He has given the following DSL usage example that represents an executable program expressed in clear English: 200 discount bonds IBM for_client NOMURA on NYSE at 72.ccy(USD). Many transformations happen under the hood, but the business user is given a very clean syntax.
Such DSLs have the advantage that you are confident that you can express anything with them as the host language is of generic purpose (such as Scala). This means that sometimes you may be constrained to use a less clean syntax but you know you have the full power of the Scala compiler under your hands. Therefore, you will always succeed in producing a DSL script or program that implements the logic you want.
However, the full power of the compiler may also be something that you would like to avoid in many cases where you want to give your business user the possibility to only perform a few specific actions. For this purpose, you may implement external DSLs instead. There are a number of additional concerns including constrained syntax (for example, you can't avoid parentheses in some cases) and convoluted error messages.
An external DSL represents a domain language where the syntax is completely up to you. This means you can express things exactly the way you want to and can constrain your business users to only use specific words or meanings. This flexibility comes with a price of much more work to implement it as you need to define a grammar (typically Backus–Naur Form (BNF)), that is, define all the rules that apply to parse a meaning or script successfully. In Java, the task to write an external DSL can be cumbersome and it usually involves the ANTLR external framework.
In Scala, parser combinators are a notion very close to the definition of BNF grammars and can provide very concise and elegant code when writing external DSLs.
Once you get acquainted with a few particular operators to deal with the definition of the grammar, you will discover that writing an external DSL is fairly straightforward if your language is not too complex. A good source of information to learn all the symbols and operators involved in parser combinators is available at http://bitwalker.github.io/blog/2013/08/10/learn-by-example-scala-parser-combinators/.

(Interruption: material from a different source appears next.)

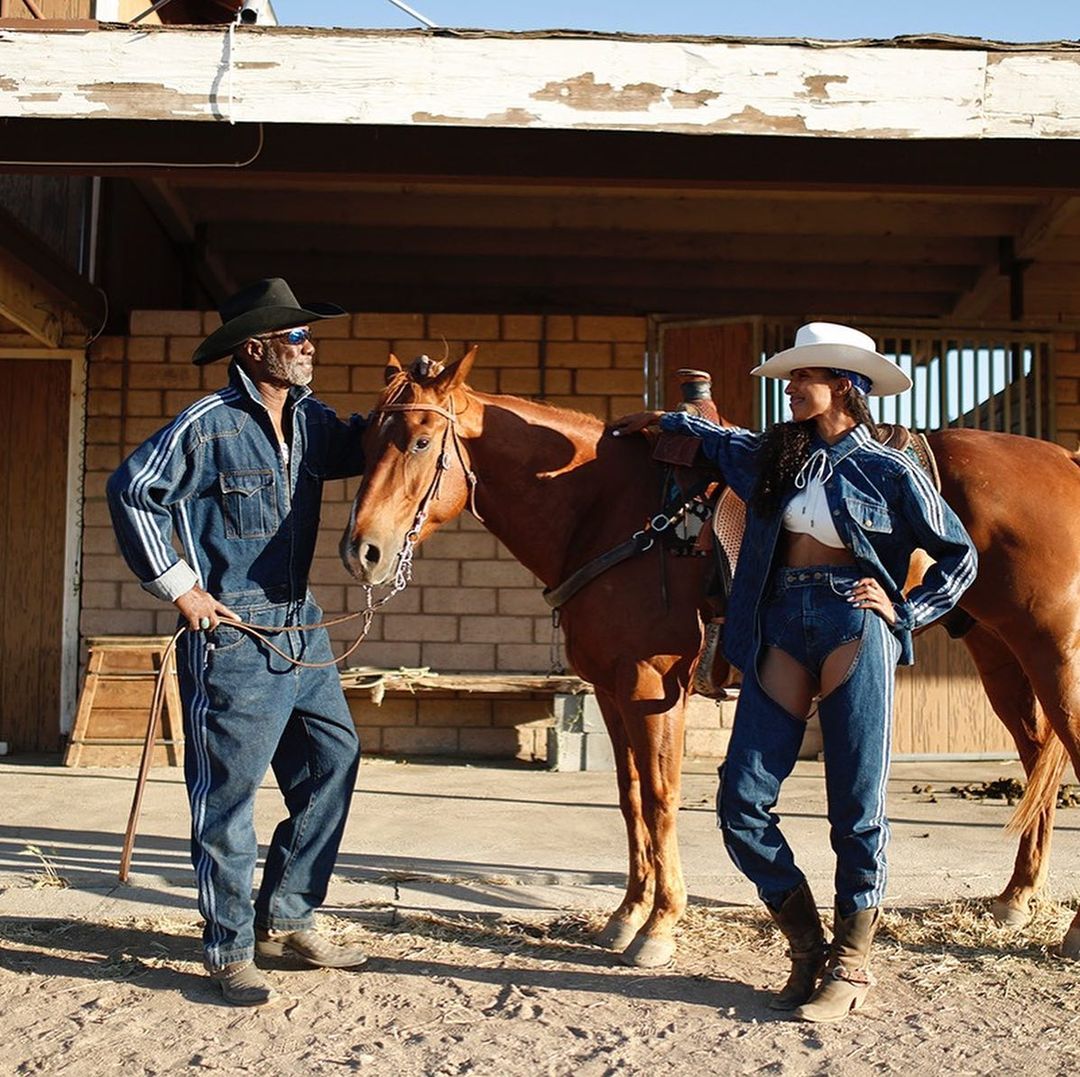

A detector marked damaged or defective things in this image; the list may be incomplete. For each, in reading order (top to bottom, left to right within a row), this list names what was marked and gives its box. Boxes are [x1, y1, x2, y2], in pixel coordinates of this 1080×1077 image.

peeling paint on beam [0, 28, 1075, 138]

The following experimental code illustrates a small DSL in the domain of finance consolidation where specific money accounts are manipulated as part of predefined formulae. The main method given at the end of the following snippet reflects a formula; for instance, you may parse the formula (3*#ACCOUNT1#) to construct an object-oriented structure that will be able to compute the result of multiplying the content of a given account by three:
package parsercombinator
import scala.util.parsing.combinator._
import java.text.SimpleDateFormat
import java.util.Date
object FormulaCalculator {
abstract class Node
case class Transaction(amount: Int)
case class Account(name:String) extends Node {
var transactions: Iterable[Transaction] = List.empty
}
def addNewTransaction(startingBalance: Int, t: Transaction) = startingBalance + t.amount
def balance(account: Account) = account.transactions.foldLeft(0)(addNewTransaction)

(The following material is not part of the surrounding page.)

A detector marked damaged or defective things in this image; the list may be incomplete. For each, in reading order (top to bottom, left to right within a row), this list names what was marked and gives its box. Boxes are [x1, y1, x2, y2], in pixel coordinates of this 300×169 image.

case class NumberOfPeriods (value: Int) extends Node {
override def toString = value.toString
}
case class RelativePeriod (value:String) extends Node {
override def toString = value
}
case class Variable(name : String) extends Node
case class Number(value : Double) extends Node
case class UnaryOp(operator : String, arg : Node) extends Node
case class BinaryOp(operator : String, left : Node, right : Node) extends Node
case class Function(name:String,arguments:List[Node]) extends Node {
override def toString =
name+arguments.mkString("(",",",")")
}…The objects that will result from the parsing of a formula are defined as case classes. Hence, continuing with the code:
…
def evaluate(e : Node) : Double = {
e match {
case Number(x) => x
case UnaryOp("-", x) => -(evaluate(x))
case BinaryOp("+", x1, x2) => (evaluate(x1) + evaluate(x2))

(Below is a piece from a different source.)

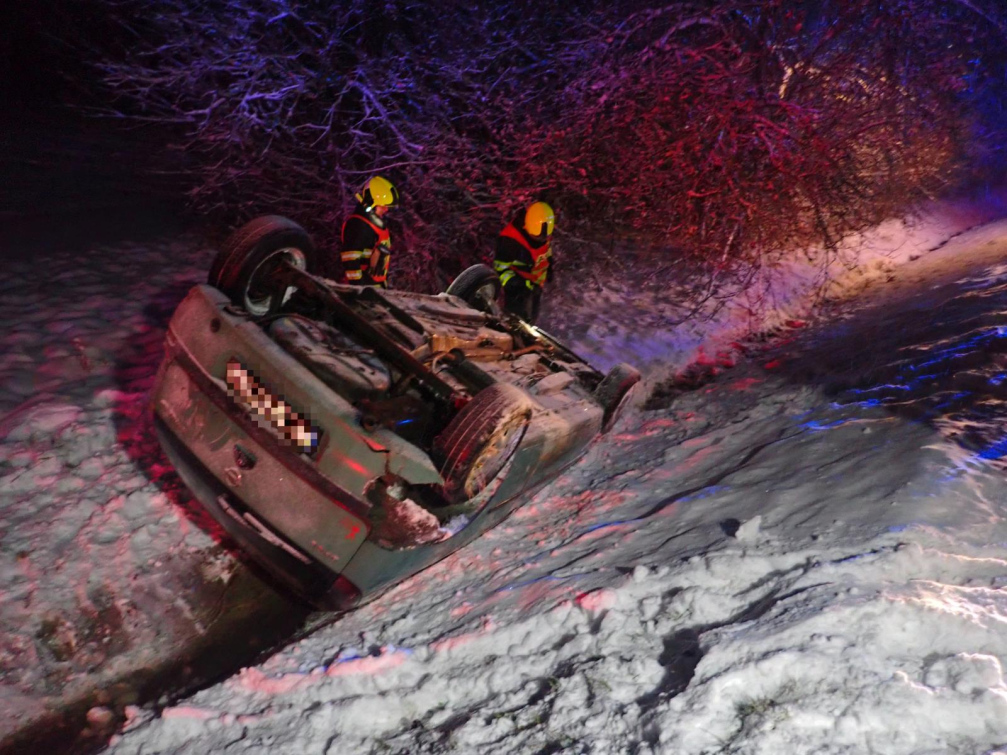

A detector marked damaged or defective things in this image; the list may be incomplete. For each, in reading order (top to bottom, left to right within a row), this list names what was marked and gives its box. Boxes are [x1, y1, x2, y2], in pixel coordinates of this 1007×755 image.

overturned car [151, 215, 636, 612]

case BinaryOp("-", x1, x2) => (evaluate(x1) - evaluate(x2))
case BinaryOp("*", x1, x2) => (evaluate(x1) * evaluate(x2))
case BinaryOp("/", x1, x2) => (evaluate(x1) / evaluate(x2))
}
}
object FormulaParser extends JavaTokenParsers {
val identifier: Parser[String] = ident
val relative_period: Parser[RelativePeriod] = """([N|P|+|-][0-9]+|CURRENT)""".r ^^ RelativePeriod
val number_of_periods: Parser[NumberOfPeriods] = """d+""".r ^^ (i => NumberOfPeriods(i.toInt))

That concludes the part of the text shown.